## AIM OF THE TASK
Go through the entries below from the first line and transcribe each one exactly, ending with the line that contains "诈骗罪5万能判几年（诈骗5万判刑几年）".

Records from a collection

◇ ◇ ◇ ◇ ◇ ◇ ◇

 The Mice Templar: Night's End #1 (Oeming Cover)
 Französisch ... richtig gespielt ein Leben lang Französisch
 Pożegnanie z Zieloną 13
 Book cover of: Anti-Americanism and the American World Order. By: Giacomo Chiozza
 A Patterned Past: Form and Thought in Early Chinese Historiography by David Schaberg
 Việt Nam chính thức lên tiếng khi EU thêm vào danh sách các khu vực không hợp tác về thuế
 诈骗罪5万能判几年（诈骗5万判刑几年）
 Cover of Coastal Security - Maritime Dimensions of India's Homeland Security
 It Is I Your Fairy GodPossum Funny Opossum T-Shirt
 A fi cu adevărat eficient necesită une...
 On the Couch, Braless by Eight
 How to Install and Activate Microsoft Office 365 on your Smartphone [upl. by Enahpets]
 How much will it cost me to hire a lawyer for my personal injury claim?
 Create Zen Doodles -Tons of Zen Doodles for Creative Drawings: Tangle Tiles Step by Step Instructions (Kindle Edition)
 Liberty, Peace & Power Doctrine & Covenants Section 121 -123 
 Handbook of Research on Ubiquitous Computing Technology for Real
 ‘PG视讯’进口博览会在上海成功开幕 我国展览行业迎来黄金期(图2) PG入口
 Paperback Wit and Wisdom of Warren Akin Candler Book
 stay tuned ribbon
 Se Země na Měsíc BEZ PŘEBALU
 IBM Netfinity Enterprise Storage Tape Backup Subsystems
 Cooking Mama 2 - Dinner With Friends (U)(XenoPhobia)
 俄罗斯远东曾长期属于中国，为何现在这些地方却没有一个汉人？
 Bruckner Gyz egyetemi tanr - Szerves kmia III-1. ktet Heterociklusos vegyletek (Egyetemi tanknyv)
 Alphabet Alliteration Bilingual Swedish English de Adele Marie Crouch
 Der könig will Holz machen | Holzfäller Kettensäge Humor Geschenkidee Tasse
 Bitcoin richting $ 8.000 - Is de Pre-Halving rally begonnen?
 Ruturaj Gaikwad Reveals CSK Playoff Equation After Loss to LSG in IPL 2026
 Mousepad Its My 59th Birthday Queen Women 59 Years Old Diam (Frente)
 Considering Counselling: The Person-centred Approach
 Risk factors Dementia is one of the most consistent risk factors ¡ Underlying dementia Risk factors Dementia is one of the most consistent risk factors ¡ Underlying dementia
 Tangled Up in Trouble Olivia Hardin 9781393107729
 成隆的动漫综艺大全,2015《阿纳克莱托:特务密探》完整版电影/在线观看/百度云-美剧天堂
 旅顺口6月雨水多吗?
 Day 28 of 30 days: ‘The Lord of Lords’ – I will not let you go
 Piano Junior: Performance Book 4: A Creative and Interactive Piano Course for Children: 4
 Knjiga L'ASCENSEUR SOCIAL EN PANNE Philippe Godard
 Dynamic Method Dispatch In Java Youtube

◇ ◇ ◇ ◇ ◇ ◇ ◇

## PROBLEM SOLUTION
 The Mice Templar: Night's End #1 (Oeming Cover)
 Französisch ... richtig gespielt ein Leben lang Französisch
 Pożegnanie z Zieloną 13
 Book cover of: Anti-Americanism and the American World Order. By: Giacomo Chiozza
 A Patterned Past: Form and Thought in Early Chinese Historiography by David Schaberg
 Việt Nam chính thức lên tiếng khi EU thêm vào danh sách các khu vực không hợp tác về thuế
 诈骗罪5万能判几年（诈骗5万判刑几年）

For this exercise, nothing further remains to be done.